Cuando los niños pasábamos por delante del puesto, en esas tardes que veníamos medio derrotados de la playa del Zapillo, pero con ganas de juerga, nos poníamos firmes ante la presencia imperturbable de los guardias civiles que no sé por qué motivo a muchos de nosotros nos causaban un respecto especial que a veces rozaba el miedo.
Si con los policías municipales teníamos una relación cercana, la que propiciaba la batalla diaria cada vez que venían a quitarnos la pelota o a multar a una vecina por tirar agua sucia a la calle, entre la Guardia Civil y nosotros se abría una distancia abismal. Los municipales de entonces perdían parte de su jerarquía el día que le colgábamos un mote, pero con los civiles no había ni el más mínimo resquicio de familiaridad y su autoridad nos parecía incontestable. Tal vez ese recelo que nos causaban tenía algo que ver con aquellos primeros viajes familiares con nuestro primer coche en los que la sombra de los tricornios era siempre una amenaza.

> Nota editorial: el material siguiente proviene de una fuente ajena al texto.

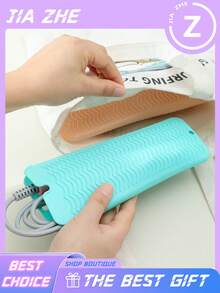 Bộ 1 tấm lót silicon chịu nhiệt, túi đựng máy duỗi tóc, túi đựng mỹ phẩm, túi trang điểm mini, hộp đựng dụng cụ làm tóc du lịch, thích hợp cho máy duỗi tóc, máy uốn tóc, máy tạo sóng, dụng cụ salon, hộp đựng cọ trang điểm du lịch, hộp đựng mỹ phẩm, túi trang điểm, đồ dùng cần thiết khi đi du lịch, phụ kiện nữ, đồ dùng du lịch - Nhiều màu - Xem 9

Impresionaba encontrarse con la pareja colocada en el arcén, como si estuviera esperándonos para un examen con aquellos cascos de media luna rematados por delante con las gafas protectoras y con aquel guarda cuellos de cuero negro que les cubría la parte de atrás de la cabeza y el cuello como si fuera una melena. Impresionaba aquella estampa de policías de verdad, de tipos duros como los que veíamos en las películas americanas, con las cazadoras brillantes y la pistola en un costado, con aquellas botas altas que relucían como si acabaran de estrenarlas destacando por encima del pantalón. Cuando pasábamos a su altura y nos miraban nos echábamos a temblar, hasta que con un gesto de la mano nos decían que podíamos continuar.
No nos parecían lo mismo el agente de tráfico que te paraba en la carretera, que el guardia civil que vestido de fiesta desfilaba por las calles de Almería en las fechas señaladas. Un civil con tambor o con corneta se colocaba a la misma altura que nosotros y de pronto se disipaba ese temor que algunos le teníamos al tricornio. Los que más nos gustaban eran los que iban a caballo, que tenían un aire más festivo y menos severo que aquellas secciones de soldados del Regimiento de Infantería Nápoles 24 que venían del cuartel.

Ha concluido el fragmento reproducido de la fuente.